Telling others it is forbidden to marry is "misleading inspired utterances and teachings of demons,"
Demons and pedophilia?

Sex abuse of children is about as evil as you can get, and the way I read the Bible is pretty clear that we are supposed to love the good and fight evil with all our might. So I don't understand why the Pope isn't fightin' against this evil in his own Church the way that Republicans fight librals in their own party--with great zeal.

Likely the pedophiles are not the liberals....
By definition, every gay, pedophilic, infedelic, or otherwise evildoing Republican is a closet liberal only pretending to be a Republican. Why else would they be doin' that stuff? Anyway, I meant my comment to be more about my disappointment with the Pope for not understanding that hes sposed to be on the side of good.
I beg your pardon, oh, decider! ;)
I do not have anything to add to this discussion right now. Just Thank You for bringing this person to my attention. Religion and the RC church in particular have been on my mind lately and Padre Doyle is one of the few sources of reason that have come to my attention.
Gracias TheraP.
I'm glad I came back to see your comment. And I hope you will continue to keep the Good Padre on your mind.
This may seem a little forward.
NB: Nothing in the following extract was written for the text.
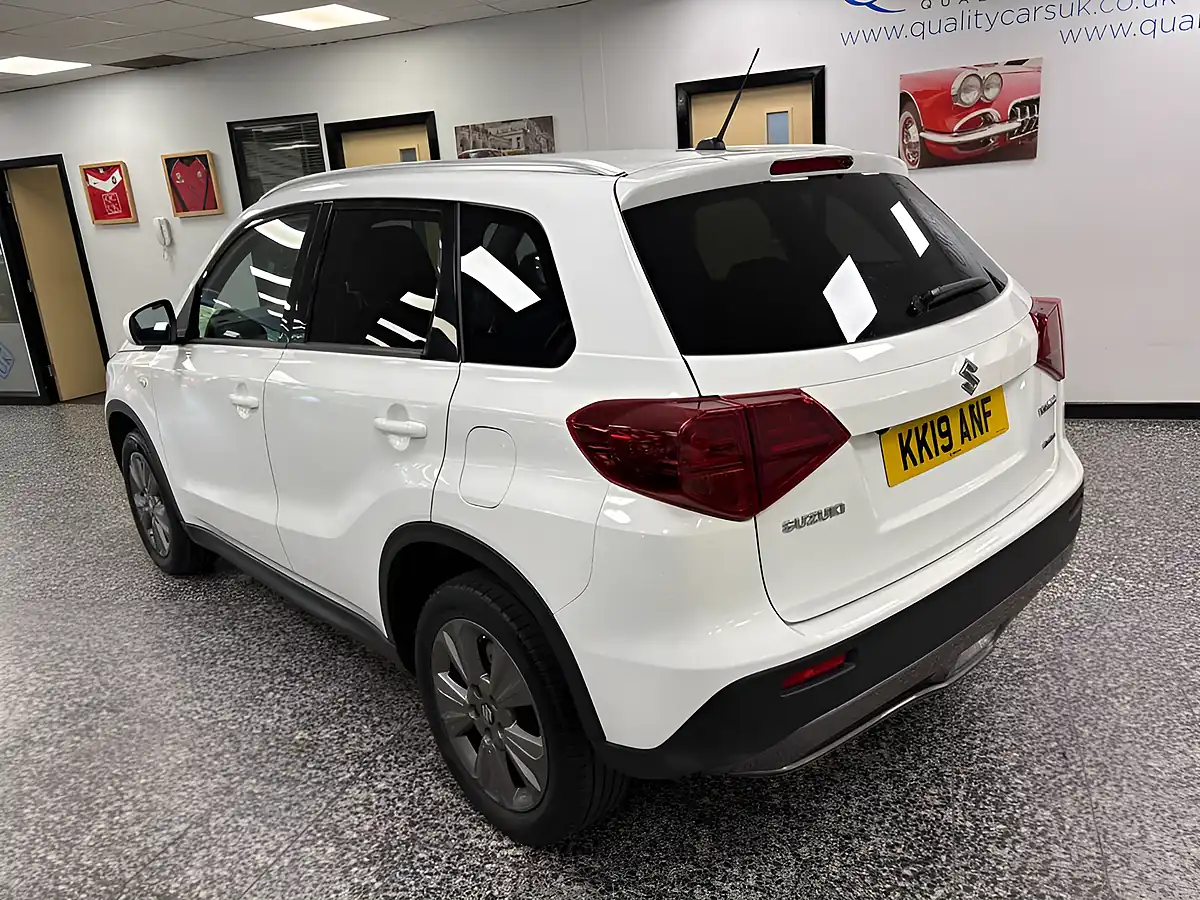 Used 2019 Suzuki Vitara Sz-T White - Interior and Exterior details 14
But many who have posted on this thread should consider looking into a local Unitarian Universalist church. UUs are liberal, and do not believe in any specific creed. The path to truth is left to the individual to discover. UUs simply accept a set of 7 principles, starting with the inherent worth and dignity of every person.
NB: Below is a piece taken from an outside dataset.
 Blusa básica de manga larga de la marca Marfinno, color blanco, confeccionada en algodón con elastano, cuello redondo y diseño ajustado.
I joined my local UU church six months ago. I am a lifelong atheist/humanist. I've found that going to church and talking to my new friends there is like joining in a TPM Cafe discussion thread, except the other posters are there in the flesh. Our church membership includes a number of those whom I respectfully call "recovering Catholics".
-- ARG

My comment below was actually meant for ARG. Sorry.
Former RCC are everywhere! I have found a new home with the Orthodox myself.
And your comment is not in the least forward. Those who are just now feeling the RCC has left them need options! And some may find the UU to their liking at just this moment - when they are searching and can search alongside others.
Best wishes for you, ARG, in your new "home".